**Residual testing** to gauge whether linear regression is appropriate: [notebook](linear-regression-hypothesis-testing.ipynb).

### QR Decomposition - when the column number of $X$, $p$ is large

When the column dimension of $X$, i.e. $p$, is extremely large, software usually utilizes QR Decomposition to calculate the OLS estimator.

$$X = QR$$

where $Q\in \mathbb{R}^{N\times(p+1)}$ is an orthogonal matrix: $Q^{T}Q=I$, and $R\in \mathbb{R}^{(p+1)\times(p+1)}$ is an upper triangular matrix. This decomposition is borned out of Gram-Schmidt procedure on the columns of $X$. As such, the OLS estimators can be expressed as

$$\hat{\beta}=R^{-1}Q^{T}y$$
$$\hat{y}=QQ^{T}y$$.

### There are too many data - when $N$ is large

There may be situations where $N$ is so large, that $X$ cannot be fit into memory, let alone compute $X'X$. Another formula that we can rely on to compute $X'X$ is the following:
\begin{align}
\sum_{n=1}^Nx_n \cdot x_n',
\end{align}
where $x_n\in R^{(p + 1) \times 1}$ are the row vectors of $X$. That is, each $x_n \cdot x_n'$ is a $(p + 1) \times (p + 1)$ matrix. Assuming $p$ is not too large, we should be able to invert that matrix above.

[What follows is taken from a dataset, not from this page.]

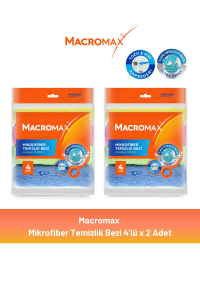Macromax Mikrofiber Açık Temizlik Bezi 4'lü x 2 Adet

### Imperfect Multi-Colinearity

Like perfect multi-colinearity, imperfect multi-colinearity is a feature of the entire set of regressors. Unlike the perfect version, imperfect multi-colinearity does not prevent $(X'X)$ to be invertible, but depending on the numerical inversion precision, imperfect multi-colinearity can cause problems in practice. Theoretical-wise, **imperfect multi-colinearity causes the standard deviations of the OLS estimates to swell, and one can say that the OLS estimate is very inaccurate given the sample size. Thus it also calls into question the hypothesis-testing on regressors affected**.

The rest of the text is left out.